I made up some primings with 6g per litre of spray malt in a few hundred millilitres of water and boiled it for ten minutes. Then it was just a case of syphoning off the dry hop trub onto the priming, then into the bottles. Twenty four 330ml bottles and twenty three 500ml bottles, so a decent amount to be getting on with.

It’s just a shame it wont be ready for Hogmanay, as was planned. I may open a sneaky bottle just to check how it’s getting on though. Although I expect it will need at least another week after that before it’s open season.

AG #11 – Binary Star: Nelson Sauvin, Citra

This brew was originally supposed to have happened at the start of July, mainly so I could enter it into the Thornbridge, Waitrose homebrew competition. Best laid plans and all that though; my entry into home brewing competitions will have to wait.
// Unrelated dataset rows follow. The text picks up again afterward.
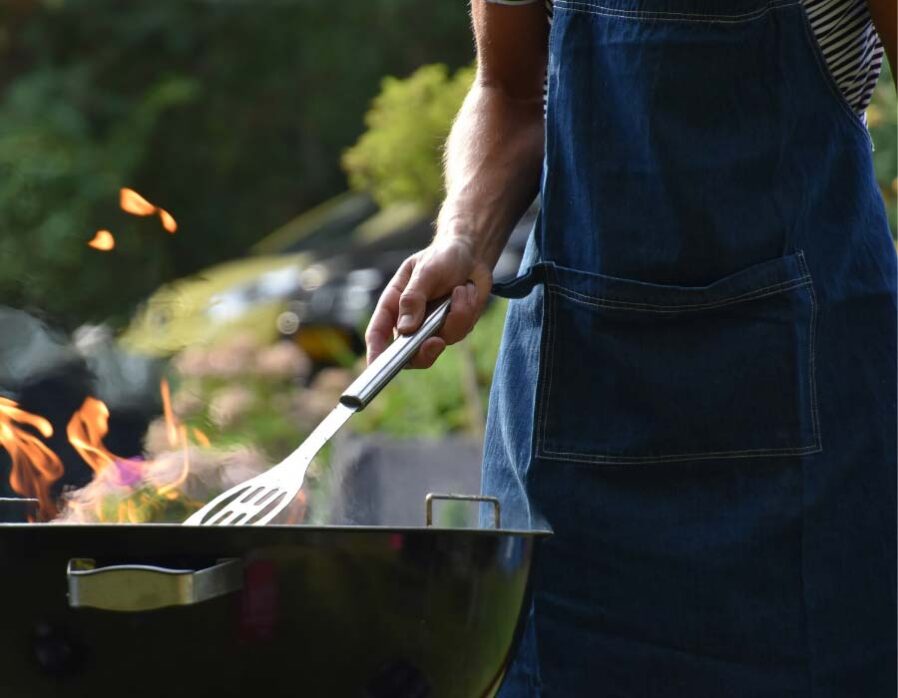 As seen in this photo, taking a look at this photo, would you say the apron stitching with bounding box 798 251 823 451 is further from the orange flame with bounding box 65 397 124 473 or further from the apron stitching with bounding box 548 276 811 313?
the orange flame with bounding box 65 397 124 473

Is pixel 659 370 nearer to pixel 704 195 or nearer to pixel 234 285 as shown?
pixel 704 195

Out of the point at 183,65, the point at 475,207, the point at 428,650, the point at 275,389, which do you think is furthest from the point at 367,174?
the point at 183,65

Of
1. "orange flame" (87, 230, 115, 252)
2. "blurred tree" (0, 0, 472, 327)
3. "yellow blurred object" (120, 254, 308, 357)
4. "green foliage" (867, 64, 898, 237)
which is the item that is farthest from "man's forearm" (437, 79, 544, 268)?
"blurred tree" (0, 0, 472, 327)

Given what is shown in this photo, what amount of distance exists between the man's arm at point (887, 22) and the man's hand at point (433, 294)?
412 mm

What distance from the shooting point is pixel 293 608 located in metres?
0.99

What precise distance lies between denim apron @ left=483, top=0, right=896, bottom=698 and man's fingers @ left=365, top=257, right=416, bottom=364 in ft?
0.36

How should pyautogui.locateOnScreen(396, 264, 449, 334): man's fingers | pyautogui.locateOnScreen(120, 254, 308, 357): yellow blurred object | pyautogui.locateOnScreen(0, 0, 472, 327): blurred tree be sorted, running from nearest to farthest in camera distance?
1. pyautogui.locateOnScreen(396, 264, 449, 334): man's fingers
2. pyautogui.locateOnScreen(120, 254, 308, 357): yellow blurred object
3. pyautogui.locateOnScreen(0, 0, 472, 327): blurred tree

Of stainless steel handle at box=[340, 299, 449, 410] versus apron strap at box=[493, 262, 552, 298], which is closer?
stainless steel handle at box=[340, 299, 449, 410]

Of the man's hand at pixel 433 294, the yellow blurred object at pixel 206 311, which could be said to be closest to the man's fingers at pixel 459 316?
the man's hand at pixel 433 294

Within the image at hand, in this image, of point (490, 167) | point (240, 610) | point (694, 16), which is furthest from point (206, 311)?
point (240, 610)

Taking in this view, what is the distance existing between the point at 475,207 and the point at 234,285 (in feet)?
28.3

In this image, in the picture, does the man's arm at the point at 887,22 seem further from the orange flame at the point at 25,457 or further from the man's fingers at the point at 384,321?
the orange flame at the point at 25,457

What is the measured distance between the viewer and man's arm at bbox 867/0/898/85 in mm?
1201

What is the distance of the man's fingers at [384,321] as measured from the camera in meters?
1.27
I’m normally quite excited when I get to homebrew, but for some reason I really wasn’t feeling like it for most of the day. I was very tardy in setting up and could’ve and should’ve, started a couple of hours earlier. I was also home alone with the kids, so had to juggle the brewing with looking after them, which complicated matters somewhat. This is the recipe, which is essentially the same as AG #09, except for the hops:

Fermentable Colour Grams Ratio
Crisp Lager Malt 3.5 EBC 3269 grams 87%
Thomas Fawcett Pale Wheat Malt 4.9 EBC 326 grams 8.7%
Crisp Cara Gold 15 EBC 161 grams 4.3%
  5 EBC 3756 grams  
Kettle Hop Variety Type Alpha Time grams IBUs IBU Ratio
2013 Nelson Sauvin Whole 12.3% 90 8 15 30%
2013 Nelson Sauvin Whole 12.3% 15 9 8 15%
2012 Citra Whole 14.8% 15 12 12 25%
2013 Nelson Sauvin Whole 12.3% 10 12 8 15%
2013 Nelson Sauvin Whole 12.3% 5 22 8 15%
          50  
Other Hop Variety Type Alpha Time grams
2013 Nelson Sauvin Whole 12.3% 80°C steep 20g
2012 Citra Whole 14.8% 80°C steep 20g
2013 Nelson Sauvin Whole 12.3% dry hop, days 7 to 11 29g
2012 Citra Whole 14.8% dry hop, days 7 to 11 18g
  Expected Actual
Volume (in FV) 19 litres 20 litres
Mash 90 mins at 65°C 120 mins at 65°C
Original gravity 1.040 (9.8 Brix) 1.042 (10.3 Brix)
Terminal gravity 1.007 1.002 (4.2 Brix)
Attenuation 81% 96%
ABV 4.3% 5.2%
GU/BU ratio 1.25 1.19
Yeast: Safale US-05
Brew fridge: 18°C ±1°C, with two days at 2°C ±1°C before bottling

I used the same malt bill as last time, mainly as I had to buy a kilo of Cara Gold, which was enough for six batches of this beer. But also as I blew hot and cold with the last batch, sometimes it was great, other times, a bit meh. I thought it deserved another couple of chances before deciding if we should keep it, or go back to what I was doing before.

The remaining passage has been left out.